Girato in Super16mm e con ottiche dalla profondità di campo cortissima, Aronofsky e Matthew Libatique (dop che ha seguito tutti i suoi lavori) riescono a dare vita alla pellicola proprio attraverso espedienti registici e di fotografia.
Nel dettaglio, la camera a mano è sempre connessa a “Mother” attraverso inquadrature di spalle, semi soggettive e soggettive. Sono rari i campi larghi e quando succede il cineasta sceglie di farci vedere la Lawrence solitaria nella casa, rimarcandone il legame vitale.
Nella prima parte i colori sono tendenti al pastello e riflettono l’apparente serenità della protagonista.

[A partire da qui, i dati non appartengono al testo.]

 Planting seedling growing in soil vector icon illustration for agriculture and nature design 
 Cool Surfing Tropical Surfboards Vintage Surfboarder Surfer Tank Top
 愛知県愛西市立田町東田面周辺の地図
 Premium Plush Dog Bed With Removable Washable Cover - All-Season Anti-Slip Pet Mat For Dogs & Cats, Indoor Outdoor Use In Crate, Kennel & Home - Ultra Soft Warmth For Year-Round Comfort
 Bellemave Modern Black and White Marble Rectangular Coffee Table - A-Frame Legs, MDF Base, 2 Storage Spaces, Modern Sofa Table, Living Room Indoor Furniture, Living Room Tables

Mano a mano che gli eventi prendono il sopravvento la fotografia si fa più scura, in alcune scene facciamo fatica a distinguere il soggetto a causa della sottoesposizione forzata, vira al rosso (alle fiamme) e la messa a fuoco si perde via via richiamando l’attenzione dell’osservatore e ricordando che non è possibile comprendere tutto quel che accade.
La pellicola inoltre è priva di colonna sonora ma presenta un accuratissimo lavoro di sound design, ogni movimento, anche quello più impercettibile è descritto a livello sonoro in modo egregio facendoci sentire parte integrante della scena.
Madre! è un film sui generis, sfacciatamente faticoso, un grido intimo che cerca collettività. Un applauso a Darren anche se ne siamo usciti affaticati e perplessi.